=== Begin Enclosure ===
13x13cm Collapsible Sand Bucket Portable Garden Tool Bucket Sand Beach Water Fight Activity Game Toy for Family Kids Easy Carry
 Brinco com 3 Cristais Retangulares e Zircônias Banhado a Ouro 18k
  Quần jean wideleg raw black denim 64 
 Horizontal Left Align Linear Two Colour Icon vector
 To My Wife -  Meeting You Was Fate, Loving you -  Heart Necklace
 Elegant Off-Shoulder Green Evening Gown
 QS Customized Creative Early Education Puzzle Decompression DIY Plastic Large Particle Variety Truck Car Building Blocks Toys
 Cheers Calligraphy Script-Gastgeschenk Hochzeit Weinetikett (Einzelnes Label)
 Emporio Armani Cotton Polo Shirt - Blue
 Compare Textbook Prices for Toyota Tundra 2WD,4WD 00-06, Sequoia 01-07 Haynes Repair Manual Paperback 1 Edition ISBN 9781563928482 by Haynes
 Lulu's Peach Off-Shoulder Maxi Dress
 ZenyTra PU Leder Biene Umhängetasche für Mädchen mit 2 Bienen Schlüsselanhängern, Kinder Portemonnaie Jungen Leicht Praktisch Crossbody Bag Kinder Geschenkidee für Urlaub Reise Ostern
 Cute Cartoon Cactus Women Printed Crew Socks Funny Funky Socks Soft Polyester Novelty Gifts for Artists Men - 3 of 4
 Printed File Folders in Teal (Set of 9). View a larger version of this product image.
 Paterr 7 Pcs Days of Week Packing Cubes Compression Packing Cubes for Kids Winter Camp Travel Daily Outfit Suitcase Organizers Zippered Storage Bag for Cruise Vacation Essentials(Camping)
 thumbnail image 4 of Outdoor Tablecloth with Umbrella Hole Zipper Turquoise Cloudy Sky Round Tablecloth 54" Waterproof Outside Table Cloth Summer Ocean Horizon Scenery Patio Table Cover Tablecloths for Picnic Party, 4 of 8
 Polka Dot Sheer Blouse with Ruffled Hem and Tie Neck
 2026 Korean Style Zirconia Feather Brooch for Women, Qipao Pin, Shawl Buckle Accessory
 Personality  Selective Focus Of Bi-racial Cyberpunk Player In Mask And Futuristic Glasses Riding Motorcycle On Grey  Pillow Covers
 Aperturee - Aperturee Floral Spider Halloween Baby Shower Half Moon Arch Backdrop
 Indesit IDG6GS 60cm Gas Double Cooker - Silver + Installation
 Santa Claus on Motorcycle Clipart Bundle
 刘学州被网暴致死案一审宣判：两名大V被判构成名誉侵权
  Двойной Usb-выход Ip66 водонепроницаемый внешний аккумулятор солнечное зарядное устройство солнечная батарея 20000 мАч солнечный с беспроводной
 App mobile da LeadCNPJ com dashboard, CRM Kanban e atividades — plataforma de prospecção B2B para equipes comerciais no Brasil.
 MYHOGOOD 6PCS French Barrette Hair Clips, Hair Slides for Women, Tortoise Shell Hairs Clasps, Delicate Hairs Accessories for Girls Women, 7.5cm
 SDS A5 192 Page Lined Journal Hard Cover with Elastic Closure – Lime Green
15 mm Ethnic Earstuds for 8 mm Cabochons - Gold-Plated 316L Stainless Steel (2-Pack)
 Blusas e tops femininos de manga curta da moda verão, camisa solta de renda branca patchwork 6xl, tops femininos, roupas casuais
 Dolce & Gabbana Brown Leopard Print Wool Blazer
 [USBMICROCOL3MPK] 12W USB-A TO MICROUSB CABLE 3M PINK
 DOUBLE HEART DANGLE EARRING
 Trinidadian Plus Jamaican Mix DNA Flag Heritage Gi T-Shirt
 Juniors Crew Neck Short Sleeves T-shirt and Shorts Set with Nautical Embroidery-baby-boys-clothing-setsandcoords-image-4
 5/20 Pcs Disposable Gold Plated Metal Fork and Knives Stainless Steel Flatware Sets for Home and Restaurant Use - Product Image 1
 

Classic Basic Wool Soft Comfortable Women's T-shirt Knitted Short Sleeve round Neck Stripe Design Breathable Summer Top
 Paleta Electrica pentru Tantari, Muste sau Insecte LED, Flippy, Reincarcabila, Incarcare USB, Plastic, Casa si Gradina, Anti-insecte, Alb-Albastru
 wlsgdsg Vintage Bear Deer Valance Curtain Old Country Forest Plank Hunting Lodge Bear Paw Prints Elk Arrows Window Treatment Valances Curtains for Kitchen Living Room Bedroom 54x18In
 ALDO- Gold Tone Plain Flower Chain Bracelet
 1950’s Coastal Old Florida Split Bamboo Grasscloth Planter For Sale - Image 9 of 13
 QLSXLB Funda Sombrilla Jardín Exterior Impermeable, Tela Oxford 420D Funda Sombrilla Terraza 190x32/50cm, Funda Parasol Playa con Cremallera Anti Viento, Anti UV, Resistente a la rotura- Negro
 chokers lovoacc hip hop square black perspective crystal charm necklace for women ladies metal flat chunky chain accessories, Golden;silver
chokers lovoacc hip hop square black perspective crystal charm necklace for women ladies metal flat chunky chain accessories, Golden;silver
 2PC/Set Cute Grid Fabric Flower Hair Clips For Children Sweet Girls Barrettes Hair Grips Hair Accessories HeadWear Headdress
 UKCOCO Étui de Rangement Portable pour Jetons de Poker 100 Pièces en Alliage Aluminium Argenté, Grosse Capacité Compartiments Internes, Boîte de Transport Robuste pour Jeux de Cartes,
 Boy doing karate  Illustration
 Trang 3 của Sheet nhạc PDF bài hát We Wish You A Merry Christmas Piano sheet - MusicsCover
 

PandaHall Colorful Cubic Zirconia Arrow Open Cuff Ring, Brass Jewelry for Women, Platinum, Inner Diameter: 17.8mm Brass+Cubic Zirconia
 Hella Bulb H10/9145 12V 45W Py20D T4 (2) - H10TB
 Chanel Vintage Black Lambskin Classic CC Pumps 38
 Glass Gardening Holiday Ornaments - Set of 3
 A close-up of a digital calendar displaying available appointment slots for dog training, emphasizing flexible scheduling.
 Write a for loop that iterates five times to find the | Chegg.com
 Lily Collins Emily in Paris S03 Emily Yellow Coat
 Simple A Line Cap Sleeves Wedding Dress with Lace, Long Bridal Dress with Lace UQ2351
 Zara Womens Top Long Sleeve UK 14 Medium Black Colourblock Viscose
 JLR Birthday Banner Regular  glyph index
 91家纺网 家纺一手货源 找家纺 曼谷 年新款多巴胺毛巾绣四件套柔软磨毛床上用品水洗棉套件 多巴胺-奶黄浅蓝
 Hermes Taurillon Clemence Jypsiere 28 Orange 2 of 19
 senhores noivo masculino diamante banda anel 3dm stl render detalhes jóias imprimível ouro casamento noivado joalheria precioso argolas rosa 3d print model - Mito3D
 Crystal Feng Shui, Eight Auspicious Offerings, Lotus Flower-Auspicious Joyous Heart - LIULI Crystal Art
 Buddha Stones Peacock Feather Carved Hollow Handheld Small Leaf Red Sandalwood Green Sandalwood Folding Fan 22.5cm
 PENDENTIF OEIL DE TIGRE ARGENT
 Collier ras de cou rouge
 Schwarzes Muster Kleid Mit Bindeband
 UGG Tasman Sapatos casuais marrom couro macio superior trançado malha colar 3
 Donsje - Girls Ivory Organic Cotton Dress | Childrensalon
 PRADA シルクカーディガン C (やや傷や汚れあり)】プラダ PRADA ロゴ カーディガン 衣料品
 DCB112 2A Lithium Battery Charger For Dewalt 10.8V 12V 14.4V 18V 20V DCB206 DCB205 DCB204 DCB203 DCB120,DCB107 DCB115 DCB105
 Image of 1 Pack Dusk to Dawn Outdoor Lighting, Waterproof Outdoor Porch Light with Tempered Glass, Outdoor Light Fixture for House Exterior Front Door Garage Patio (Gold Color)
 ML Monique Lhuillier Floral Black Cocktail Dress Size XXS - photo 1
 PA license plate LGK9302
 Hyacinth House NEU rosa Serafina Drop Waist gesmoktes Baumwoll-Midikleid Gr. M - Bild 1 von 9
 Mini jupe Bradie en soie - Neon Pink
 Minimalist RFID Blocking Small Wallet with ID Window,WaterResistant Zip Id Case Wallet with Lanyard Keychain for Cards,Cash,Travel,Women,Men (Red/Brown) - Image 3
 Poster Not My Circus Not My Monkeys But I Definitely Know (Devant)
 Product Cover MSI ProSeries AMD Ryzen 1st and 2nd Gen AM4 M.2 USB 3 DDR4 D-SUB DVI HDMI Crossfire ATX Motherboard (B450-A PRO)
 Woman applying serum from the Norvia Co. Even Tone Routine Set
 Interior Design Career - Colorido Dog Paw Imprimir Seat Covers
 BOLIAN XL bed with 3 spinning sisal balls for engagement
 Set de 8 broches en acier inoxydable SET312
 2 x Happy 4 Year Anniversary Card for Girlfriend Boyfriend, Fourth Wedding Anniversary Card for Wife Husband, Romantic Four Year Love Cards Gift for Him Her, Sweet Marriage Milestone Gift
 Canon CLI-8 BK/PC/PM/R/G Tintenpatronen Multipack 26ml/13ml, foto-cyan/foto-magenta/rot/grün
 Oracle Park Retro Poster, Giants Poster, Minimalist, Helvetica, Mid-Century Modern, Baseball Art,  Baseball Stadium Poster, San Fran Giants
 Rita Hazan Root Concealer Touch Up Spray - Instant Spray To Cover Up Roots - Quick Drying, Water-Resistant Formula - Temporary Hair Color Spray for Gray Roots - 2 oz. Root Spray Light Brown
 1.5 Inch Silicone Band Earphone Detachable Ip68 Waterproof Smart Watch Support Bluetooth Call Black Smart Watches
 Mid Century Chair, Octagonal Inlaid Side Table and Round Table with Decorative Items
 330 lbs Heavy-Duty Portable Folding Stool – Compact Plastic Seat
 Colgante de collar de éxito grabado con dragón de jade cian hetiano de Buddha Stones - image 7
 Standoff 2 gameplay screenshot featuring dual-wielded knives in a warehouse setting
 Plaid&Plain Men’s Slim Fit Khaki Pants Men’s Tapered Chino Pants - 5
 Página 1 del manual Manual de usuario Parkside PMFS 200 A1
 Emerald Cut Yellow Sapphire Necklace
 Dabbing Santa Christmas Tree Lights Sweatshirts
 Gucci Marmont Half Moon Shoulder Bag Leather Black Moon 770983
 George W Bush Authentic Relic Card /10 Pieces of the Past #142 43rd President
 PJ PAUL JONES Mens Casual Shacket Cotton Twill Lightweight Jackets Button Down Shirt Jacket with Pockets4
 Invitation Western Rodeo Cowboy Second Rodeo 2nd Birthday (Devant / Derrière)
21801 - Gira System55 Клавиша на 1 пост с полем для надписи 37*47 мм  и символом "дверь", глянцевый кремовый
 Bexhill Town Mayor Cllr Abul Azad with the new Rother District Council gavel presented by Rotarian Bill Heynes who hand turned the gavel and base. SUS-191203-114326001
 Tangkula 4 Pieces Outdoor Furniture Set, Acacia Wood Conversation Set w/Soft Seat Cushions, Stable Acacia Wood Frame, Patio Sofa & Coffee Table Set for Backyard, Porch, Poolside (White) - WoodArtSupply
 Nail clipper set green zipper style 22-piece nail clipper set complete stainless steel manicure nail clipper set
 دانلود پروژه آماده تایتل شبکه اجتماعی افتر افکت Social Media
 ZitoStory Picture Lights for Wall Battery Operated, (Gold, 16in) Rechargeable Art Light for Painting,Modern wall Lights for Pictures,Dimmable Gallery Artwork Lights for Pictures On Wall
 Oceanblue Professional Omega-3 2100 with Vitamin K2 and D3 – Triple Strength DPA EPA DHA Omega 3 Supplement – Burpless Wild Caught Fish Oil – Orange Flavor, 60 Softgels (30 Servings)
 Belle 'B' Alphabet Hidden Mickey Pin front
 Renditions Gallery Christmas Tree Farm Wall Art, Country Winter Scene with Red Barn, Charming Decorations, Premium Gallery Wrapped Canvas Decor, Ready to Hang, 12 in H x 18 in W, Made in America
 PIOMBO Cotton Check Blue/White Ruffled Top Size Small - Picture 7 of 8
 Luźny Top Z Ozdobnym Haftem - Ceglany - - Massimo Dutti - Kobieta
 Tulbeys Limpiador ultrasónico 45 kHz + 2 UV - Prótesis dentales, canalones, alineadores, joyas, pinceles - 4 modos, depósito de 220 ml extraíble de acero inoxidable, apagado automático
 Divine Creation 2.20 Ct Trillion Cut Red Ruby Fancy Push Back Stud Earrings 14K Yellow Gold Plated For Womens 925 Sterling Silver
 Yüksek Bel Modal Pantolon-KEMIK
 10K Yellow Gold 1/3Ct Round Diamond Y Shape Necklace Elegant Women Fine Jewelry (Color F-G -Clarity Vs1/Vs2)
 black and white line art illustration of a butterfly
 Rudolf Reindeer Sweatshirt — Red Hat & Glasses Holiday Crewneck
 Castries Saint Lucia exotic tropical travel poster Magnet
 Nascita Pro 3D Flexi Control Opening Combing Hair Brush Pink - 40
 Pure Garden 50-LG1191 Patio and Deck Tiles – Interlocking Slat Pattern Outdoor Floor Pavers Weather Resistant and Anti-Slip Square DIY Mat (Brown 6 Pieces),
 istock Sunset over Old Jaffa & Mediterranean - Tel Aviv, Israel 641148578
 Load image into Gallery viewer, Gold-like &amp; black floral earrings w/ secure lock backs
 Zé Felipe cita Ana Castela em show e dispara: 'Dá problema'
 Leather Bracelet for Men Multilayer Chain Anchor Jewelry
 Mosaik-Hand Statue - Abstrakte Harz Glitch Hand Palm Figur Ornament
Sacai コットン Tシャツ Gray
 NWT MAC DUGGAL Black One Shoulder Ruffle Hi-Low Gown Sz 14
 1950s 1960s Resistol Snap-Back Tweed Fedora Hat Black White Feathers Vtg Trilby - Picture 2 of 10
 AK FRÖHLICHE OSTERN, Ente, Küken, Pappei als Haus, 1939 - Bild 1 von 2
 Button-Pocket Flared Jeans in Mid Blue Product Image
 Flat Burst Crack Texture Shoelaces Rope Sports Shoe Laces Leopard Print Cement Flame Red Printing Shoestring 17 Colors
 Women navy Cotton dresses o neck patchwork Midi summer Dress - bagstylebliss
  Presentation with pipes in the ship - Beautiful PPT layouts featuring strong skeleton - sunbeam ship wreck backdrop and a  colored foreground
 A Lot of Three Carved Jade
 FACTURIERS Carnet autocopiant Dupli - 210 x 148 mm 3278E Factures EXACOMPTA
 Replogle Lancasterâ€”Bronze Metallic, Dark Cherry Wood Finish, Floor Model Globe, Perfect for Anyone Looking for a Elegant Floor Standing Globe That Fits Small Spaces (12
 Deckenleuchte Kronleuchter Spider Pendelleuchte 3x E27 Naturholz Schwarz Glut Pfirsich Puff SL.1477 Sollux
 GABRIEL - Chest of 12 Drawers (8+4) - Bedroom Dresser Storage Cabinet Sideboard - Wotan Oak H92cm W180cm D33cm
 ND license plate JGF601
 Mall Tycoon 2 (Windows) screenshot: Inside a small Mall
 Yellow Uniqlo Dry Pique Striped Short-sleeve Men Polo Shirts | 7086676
=== End Enclosure ===
→ **Task to carry out**: Everything starting at the line containing "Aperturee - Aperturee" and ending at the line containing "SDS A5 192 Page" in the records above should be repeated exactly, and only that.

→ **Solution**:
 Aperturee - Aperturee Floral Spider Halloween Baby Shower Half Moon Arch Backdrop
 Indesit IDG6GS 60cm Gas Double Cooker - Silver + Installation
 Santa Claus on Motorcycle Clipart Bundle
 刘学州被网暴致死案一审宣判：两名大V被判构成名誉侵权
  Двойной Usb-выход Ip66 водонепроницаемый внешний аккумулятор солнечное зарядное устройство солнечная батарея 20000 мАч солнечный с беспроводной
 App mobile da LeadCNPJ com dashboard, CRM Kanban e atividades — plataforma de prospecção B2B para equipes comerciais no Brasil.
 MYHOGOOD 6PCS French Barrette Hair Clips, Hair Slides for Women, Tortoise Shell Hairs Clasps, Delicate Hairs Accessories for Girls Women, 7.5cm
 SDS A5 192 Page Lined Journal Hard Cover with Elastic Closure – Lime Green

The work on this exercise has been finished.